Originally I had planned to write an essay on Shelley called Thinking in Images, but having unexpectedly been requested to write the Shelley and Orpheus essay, I’ve decided it best to set Shelley aside for a moment and instead focus on my next writing project, an essay on Economics and Utopia. As chance would have it, one of my favorite podcasters, "amimetobios," just started a series of lectures on Money and Literature, titled Imagining Money. (Link: https://amimetobios.podbean.com) I’m following this class as a guide (supplemented with some of my own reading). I'm also following the work of independent on the road scholar, Colin Drumm. Colin has put together a course syllabus on Patreon dealing with economics with an emphasis on literature (Link: https://www.patreon.com/posts/monetary-reading-20881558).

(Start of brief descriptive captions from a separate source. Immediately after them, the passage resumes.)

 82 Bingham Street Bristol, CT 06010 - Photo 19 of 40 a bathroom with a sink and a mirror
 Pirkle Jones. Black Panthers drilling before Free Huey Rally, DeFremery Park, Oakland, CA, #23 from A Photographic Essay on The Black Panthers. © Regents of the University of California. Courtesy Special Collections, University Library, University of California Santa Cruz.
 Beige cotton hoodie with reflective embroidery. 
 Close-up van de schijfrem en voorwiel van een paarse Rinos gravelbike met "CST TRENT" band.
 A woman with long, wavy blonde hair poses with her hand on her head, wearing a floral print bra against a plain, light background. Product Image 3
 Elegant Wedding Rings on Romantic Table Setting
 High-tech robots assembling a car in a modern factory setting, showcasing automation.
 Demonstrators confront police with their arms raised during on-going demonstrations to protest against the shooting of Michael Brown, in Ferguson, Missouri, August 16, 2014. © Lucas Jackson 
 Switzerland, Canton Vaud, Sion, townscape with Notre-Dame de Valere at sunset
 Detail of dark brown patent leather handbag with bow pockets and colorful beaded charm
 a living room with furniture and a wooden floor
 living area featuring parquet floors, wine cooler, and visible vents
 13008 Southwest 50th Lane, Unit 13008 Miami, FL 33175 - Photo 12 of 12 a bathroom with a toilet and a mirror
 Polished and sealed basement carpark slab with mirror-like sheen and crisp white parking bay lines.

For February I plan to read Mark Blyth’s Austerity. I started reading Richard White's history of the Reconstruction and Gilded Age, The Republic for Which it Stands, but am finding it very dry. I may set it aside for Rick Perlstein’s history of Nixon and Regan, “The Invisible Bridge.” I also hope to finish drafting at least 15 more pages of the graphic novel (which will put me up to 30, ie half-way through the first chapter). I think that will keep me more than busy enough for next month.